The outcomes of fewer teen births and fewer STD diagnoses are surely beneficial from both medical and economic standpoints, and yet even as a physician this information has yet to sway Mr. Price in his vehemently supporting the organization’s defunding and even going so far as to dispute that any women struggle to afford birth control. He even went so far as to cosponsor in his first year as a congressman HR 552: Right to Life Act, which was legislation to define personhood in the 14th Amendment of the Constitution as beginning at the point of fertilization, without any exceptions listed with regard to rape, incest, or the health of the woman. While an orthopedist and not an obstetrician, as a physician Mr. Price surely had some female patients, and as their physician it was incumbent upon him to provide them with the best care. That care does not include contributing toward their being sentenced to motherhood because they were subjected to a violent crime, nor should it include forcing a woman into a life-changing decision that would carry a high risk of compromising her health and safety.

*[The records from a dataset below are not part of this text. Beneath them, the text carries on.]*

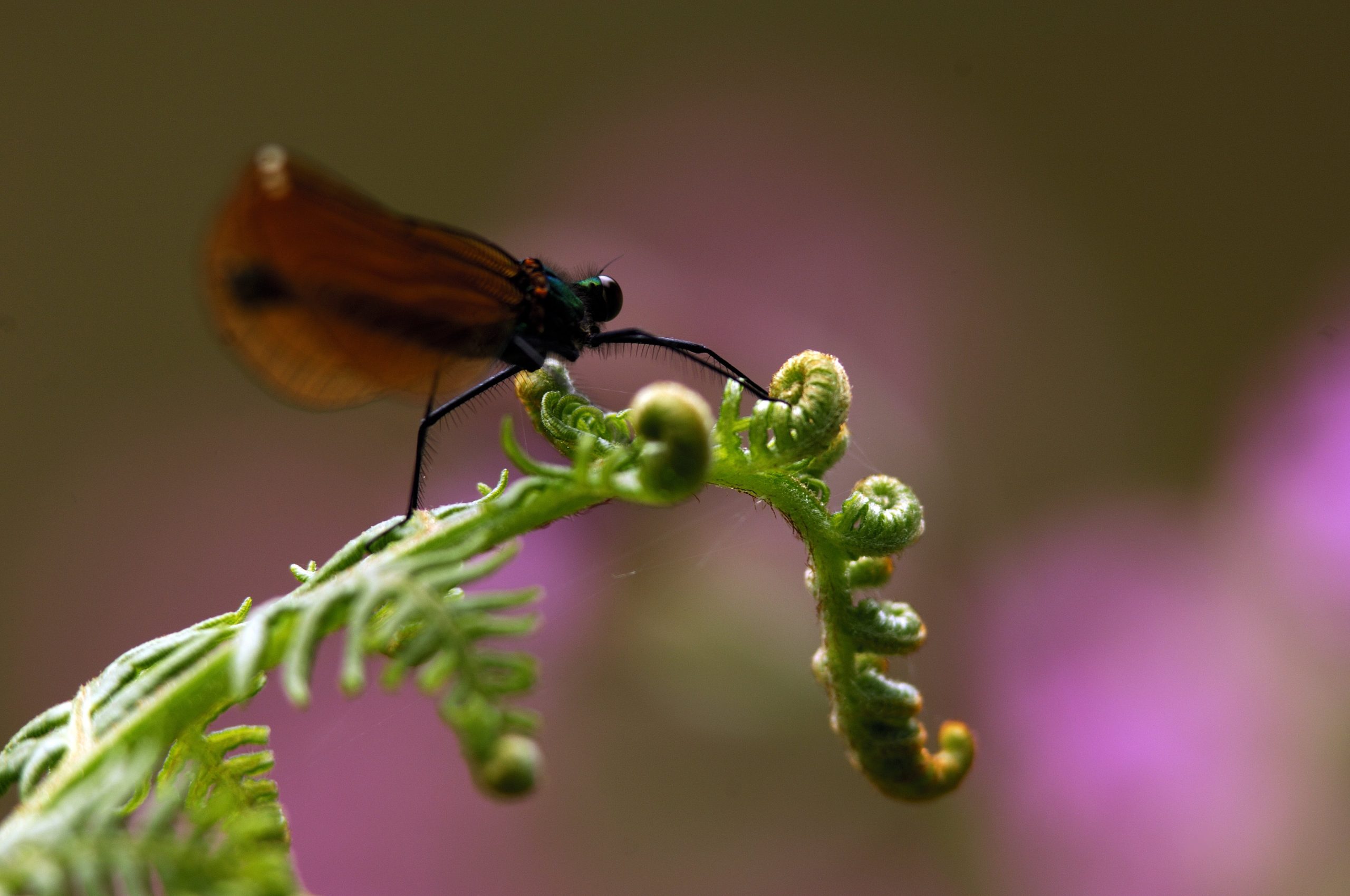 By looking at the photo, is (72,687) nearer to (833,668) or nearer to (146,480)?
(146,480)

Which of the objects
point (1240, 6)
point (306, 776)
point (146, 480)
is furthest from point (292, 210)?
point (1240, 6)

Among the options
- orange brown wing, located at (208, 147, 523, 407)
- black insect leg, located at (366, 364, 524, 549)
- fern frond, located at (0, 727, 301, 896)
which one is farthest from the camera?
black insect leg, located at (366, 364, 524, 549)

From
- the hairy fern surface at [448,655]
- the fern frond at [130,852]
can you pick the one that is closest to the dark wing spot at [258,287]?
the hairy fern surface at [448,655]

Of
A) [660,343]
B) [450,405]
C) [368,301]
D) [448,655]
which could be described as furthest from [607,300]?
[448,655]

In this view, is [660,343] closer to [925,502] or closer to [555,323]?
[555,323]

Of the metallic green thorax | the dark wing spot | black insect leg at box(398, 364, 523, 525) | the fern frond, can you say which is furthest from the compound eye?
the fern frond

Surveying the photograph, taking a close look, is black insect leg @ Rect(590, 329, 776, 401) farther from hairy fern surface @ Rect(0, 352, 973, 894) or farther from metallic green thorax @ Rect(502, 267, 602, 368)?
hairy fern surface @ Rect(0, 352, 973, 894) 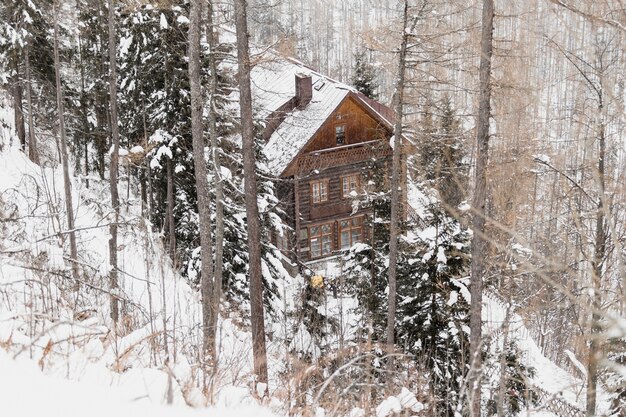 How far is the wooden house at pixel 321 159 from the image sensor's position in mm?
26312

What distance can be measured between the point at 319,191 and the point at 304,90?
5.01 m

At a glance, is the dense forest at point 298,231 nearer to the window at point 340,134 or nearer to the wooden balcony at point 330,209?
the wooden balcony at point 330,209

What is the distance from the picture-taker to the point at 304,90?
91.1ft

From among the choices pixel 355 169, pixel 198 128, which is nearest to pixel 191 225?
pixel 198 128

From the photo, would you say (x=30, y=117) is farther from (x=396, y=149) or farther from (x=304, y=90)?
(x=396, y=149)

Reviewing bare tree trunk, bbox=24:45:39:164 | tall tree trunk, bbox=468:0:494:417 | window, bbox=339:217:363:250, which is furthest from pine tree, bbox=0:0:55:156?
tall tree trunk, bbox=468:0:494:417

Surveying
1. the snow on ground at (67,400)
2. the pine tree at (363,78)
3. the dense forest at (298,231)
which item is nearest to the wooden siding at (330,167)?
the dense forest at (298,231)

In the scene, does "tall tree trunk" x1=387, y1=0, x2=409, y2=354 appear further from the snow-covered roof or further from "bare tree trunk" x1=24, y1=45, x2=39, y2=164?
"bare tree trunk" x1=24, y1=45, x2=39, y2=164

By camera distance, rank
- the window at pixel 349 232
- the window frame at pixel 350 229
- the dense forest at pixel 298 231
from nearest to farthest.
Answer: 1. the dense forest at pixel 298 231
2. the window frame at pixel 350 229
3. the window at pixel 349 232

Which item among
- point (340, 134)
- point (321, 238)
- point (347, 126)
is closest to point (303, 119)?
point (340, 134)

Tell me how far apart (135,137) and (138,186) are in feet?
30.7

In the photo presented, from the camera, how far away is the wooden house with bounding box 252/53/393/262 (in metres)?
26.3

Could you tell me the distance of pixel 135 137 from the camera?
20.9m

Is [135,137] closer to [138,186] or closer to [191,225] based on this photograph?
[191,225] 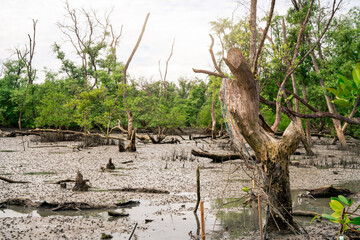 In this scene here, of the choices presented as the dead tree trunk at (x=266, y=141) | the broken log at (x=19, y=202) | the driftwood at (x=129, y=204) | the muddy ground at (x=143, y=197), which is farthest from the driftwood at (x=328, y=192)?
the broken log at (x=19, y=202)

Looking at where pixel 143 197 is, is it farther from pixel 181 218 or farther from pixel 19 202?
pixel 19 202

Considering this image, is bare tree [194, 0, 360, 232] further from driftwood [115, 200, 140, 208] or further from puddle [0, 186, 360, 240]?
driftwood [115, 200, 140, 208]

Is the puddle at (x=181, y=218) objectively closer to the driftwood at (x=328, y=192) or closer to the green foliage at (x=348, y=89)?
the driftwood at (x=328, y=192)

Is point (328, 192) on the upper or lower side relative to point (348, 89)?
lower

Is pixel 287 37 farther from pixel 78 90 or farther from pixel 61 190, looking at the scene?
pixel 78 90

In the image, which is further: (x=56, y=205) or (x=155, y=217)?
(x=56, y=205)

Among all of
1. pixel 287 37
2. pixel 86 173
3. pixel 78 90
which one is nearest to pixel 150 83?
pixel 78 90

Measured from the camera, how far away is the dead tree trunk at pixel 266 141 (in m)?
4.10

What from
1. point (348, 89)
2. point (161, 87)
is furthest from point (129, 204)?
point (161, 87)

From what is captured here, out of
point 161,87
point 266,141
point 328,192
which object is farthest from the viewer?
point 161,87

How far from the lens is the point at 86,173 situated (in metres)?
9.15

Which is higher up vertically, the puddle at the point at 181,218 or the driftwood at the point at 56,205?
the driftwood at the point at 56,205

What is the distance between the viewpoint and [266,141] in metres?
4.22

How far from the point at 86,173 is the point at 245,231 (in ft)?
19.2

One cannot expect a cabinet appointee to be devoid of partisan preferences. Indeed, partisan political experience often contributes heavily toward their nominations. And unlike the selection of Senator Sessions for Attorney General, despite his staunch conservatism even relative to his own party (see Figure 3), Mr. Price does not present existential threats to democratic institutions, but rather strident challenges to policy issues that too often are rendered partisan.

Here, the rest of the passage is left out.